Segment Start: Extracted information

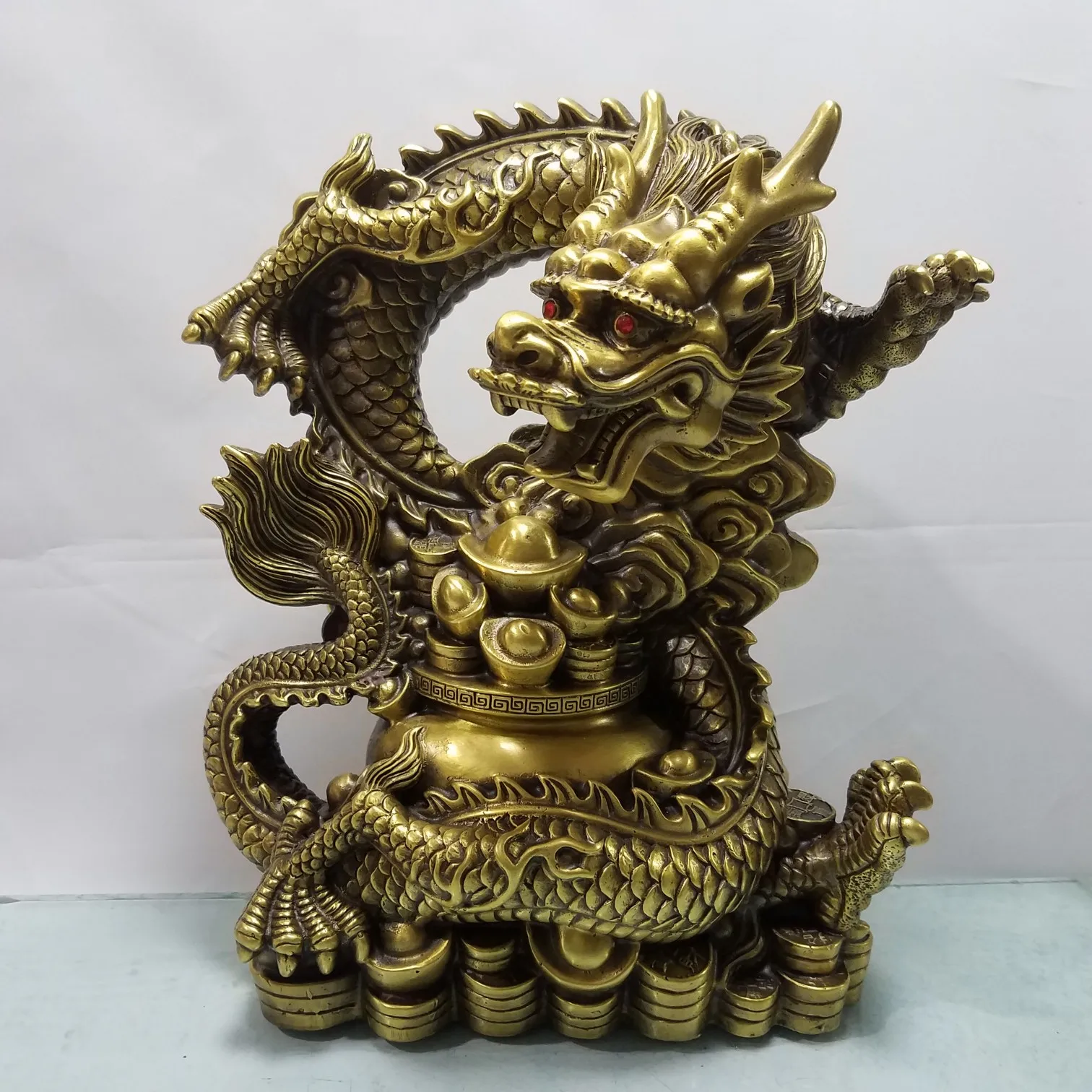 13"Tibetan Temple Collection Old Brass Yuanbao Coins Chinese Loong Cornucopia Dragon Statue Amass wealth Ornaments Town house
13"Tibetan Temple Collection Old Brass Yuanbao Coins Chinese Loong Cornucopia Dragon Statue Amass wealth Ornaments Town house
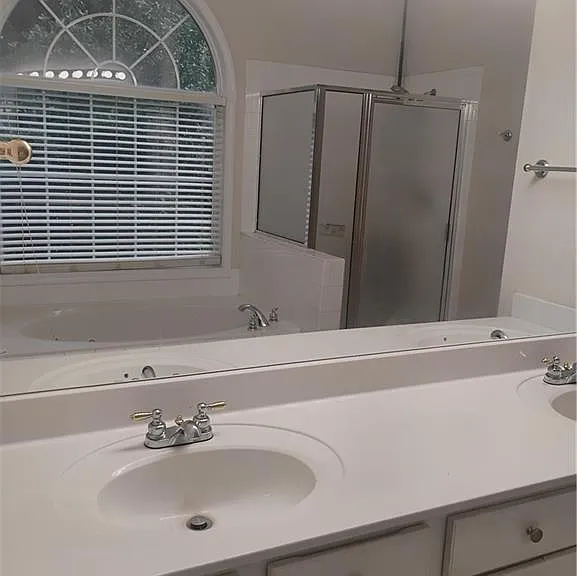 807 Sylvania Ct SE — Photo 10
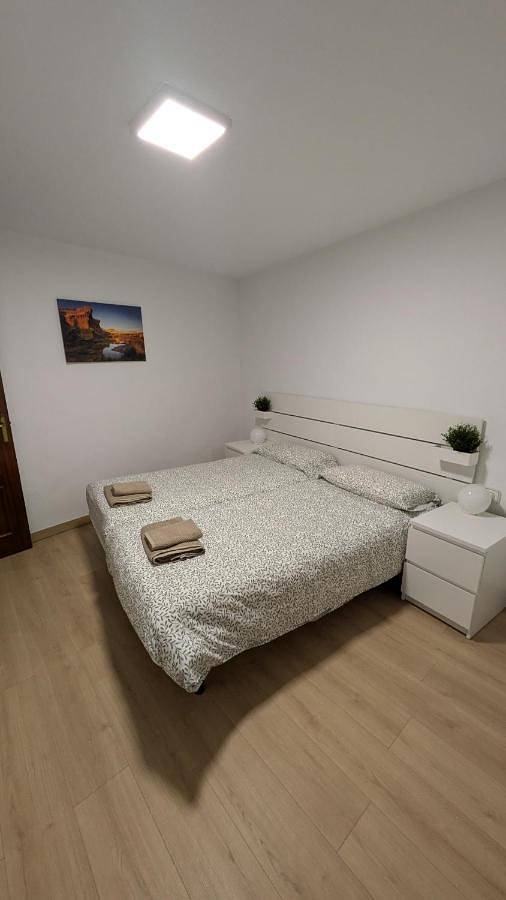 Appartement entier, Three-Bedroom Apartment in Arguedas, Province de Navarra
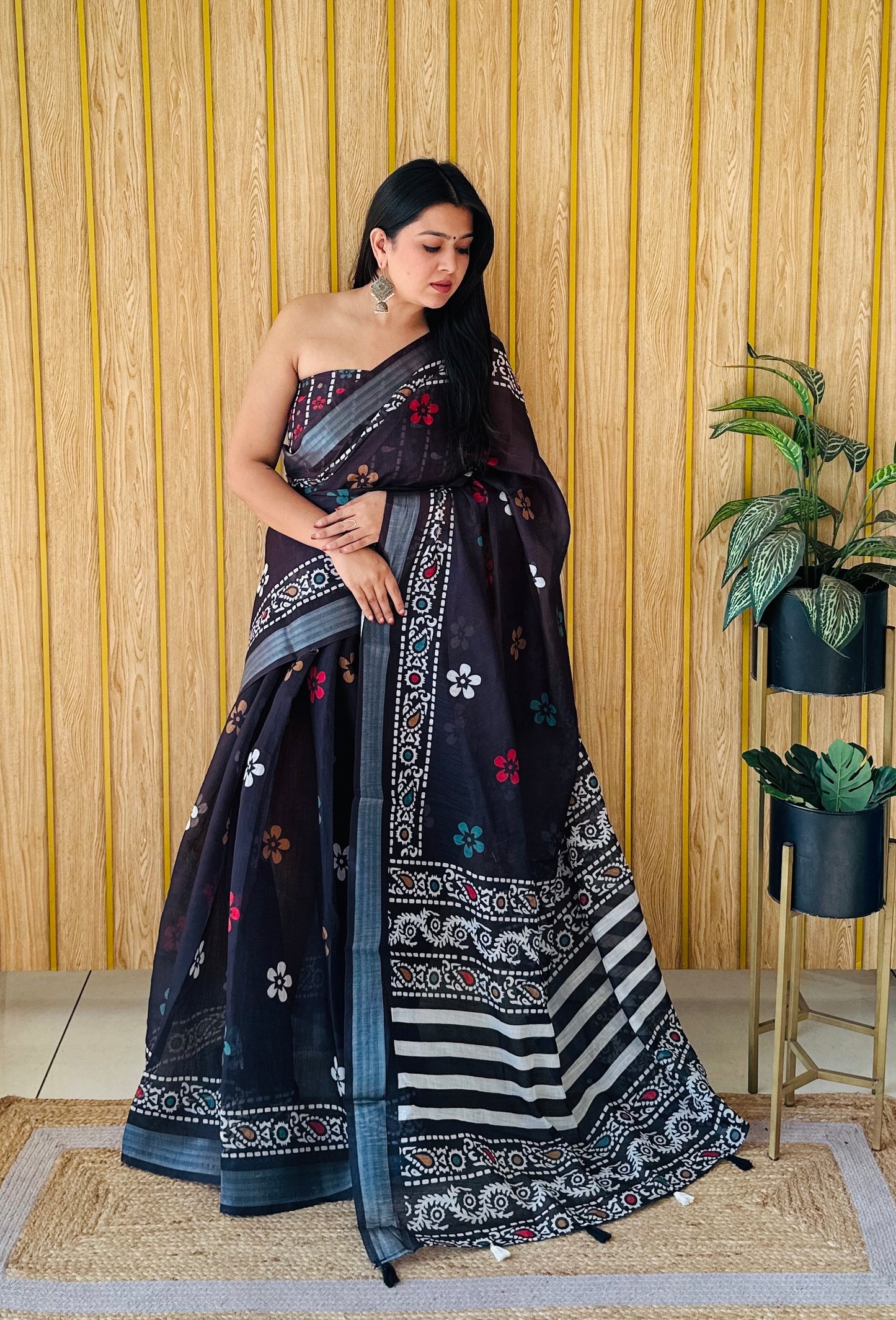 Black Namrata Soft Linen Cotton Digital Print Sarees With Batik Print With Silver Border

Segment End: Extracted information

Each word of the data should be repeated exactly, and the pictures left out.

 13"Tibetan Temple Collection Old Brass Yuanbao Coins Chinese Loong Cornucopia Dragon Statue Amass wealth Ornaments Town house
13"Tibetan Temple Collection Old Brass Yuanbao Coins Chinese Loong Cornucopia Dragon Statue Amass wealth Ornaments Town house
 807 Sylvania Ct SE — Photo 10
 Appartement entier, Three-Bedroom Apartment in Arguedas, Province de Navarra
 Black Namrata Soft Linen Cotton Digital Print Sarees With Batik Print With Silver Border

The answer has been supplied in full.